The implications here are enormous for private investors. We now see the biggest market participants buying the yellow metal massively on the dips. What’s more, because central banks enjoy substantial clout in the gold market, their purchasing decisions have an outsized effect on price. Institutional investors are coming to once again see precious metals as a ‘legitimate’ form of investment. It is this positive feedback loop that will serve to stabilize gold as it re-emerges as a reserve asset.
It’s Still the One
Gold remains the bedrock of reserve holdings at central banks, even in a world dominated by fiat currencies. Apparently, when it comes to a paper-based global monetary system, it’s easier to talk the talk than walk the walk. Government officials the world over, but especially in the developed world, have been quick to call gold an anachronism – unsuitable for a modern, globalized economy. But these same governments have never found it in themselves to sell off their holdings, or for that matter, to surrender even a substantial fraction of them. Those who have clamored the loudest have, in fact, behaved the most conservatively.
The US, which has a whopping 75 percent of its reserve holdings in gold, and the Western European countries, which have an average of approximately 64 percent of their reserve holdings in gold, seem to believe no one should own gold – except them! It shouldn’t surprise anyone that emerging market central banks have spotted the double standard. As they advance economically, these nations are less likely to do what Washington tells them is right and more likely to think for themselves. And with an average of less than 20 percent of their reserve holdings in gold, they clearly know they have some catching up to do.
Behind the smoke and mirrors then, central banks in the developed world are hoarders. Central banks in the emerging markets are scramblers. Significantly, nobody is selling, only buying.
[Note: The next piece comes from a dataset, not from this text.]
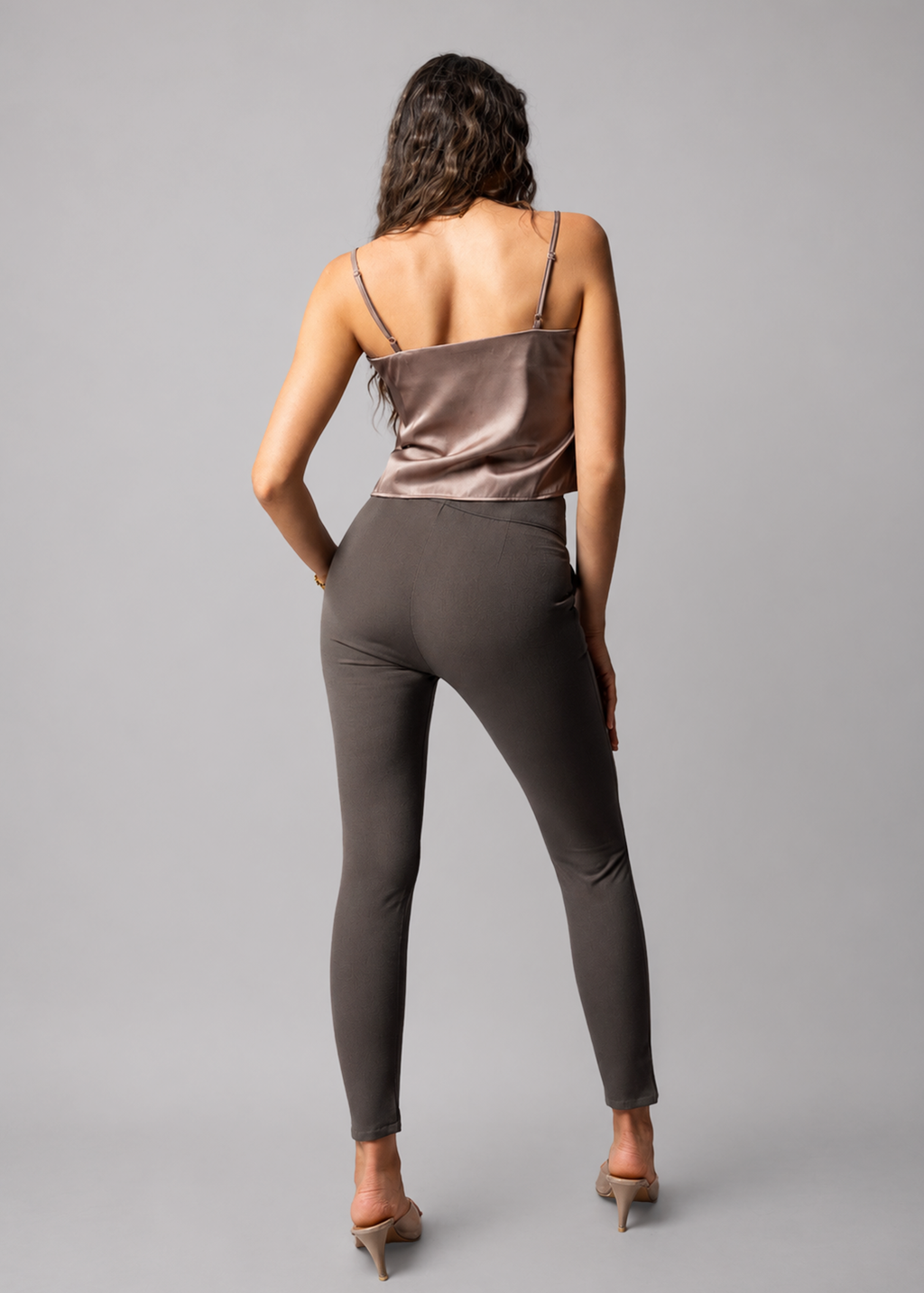 T264 | Strap Cowl Top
The Fiat Fantasy Meets Reality
What is causing the rush back to gold? Two words: excess debt. Independent central banking has always been more of a dream than a reality. Politicians knew from the beginning that they could run up the tab and then corner central bankers into bailing them out via inflation, AKA stealth default. Regrettably, central bankers have dutifully obliged – no one, for example, has yet resigned in protest. Only a few have ever defied their governments, and only for short periods.
Of course, governments throughout history have created the conditions for their own collapse by tampering with their money supply to pay debts. Undermining the currency means undermining the entire economy, which lowers tax receipts and creates more debt. Soon, the unintended consequences of the policy overwhelm its intended consequences, and the state collapses – along with the jobs of those central bankers. Committed, nonetheless, the central bankers are.
Against this historical cycle, the best insurance policy is physical gold. Those with the most of it will best weather the coming rounds of competitive devaluation. No wonder that central banks in the emerging markets are scrambling to play catch-up to their developed-world counterparts.
How much gold will central banks stockpile? We cannot and do not know for sure. What we can and do know for sure is that they have prudently decided on a strategic shift in policy. This is creating a floor for the price of gold and a brighter future ahead for those who are prepared for the return of sound money.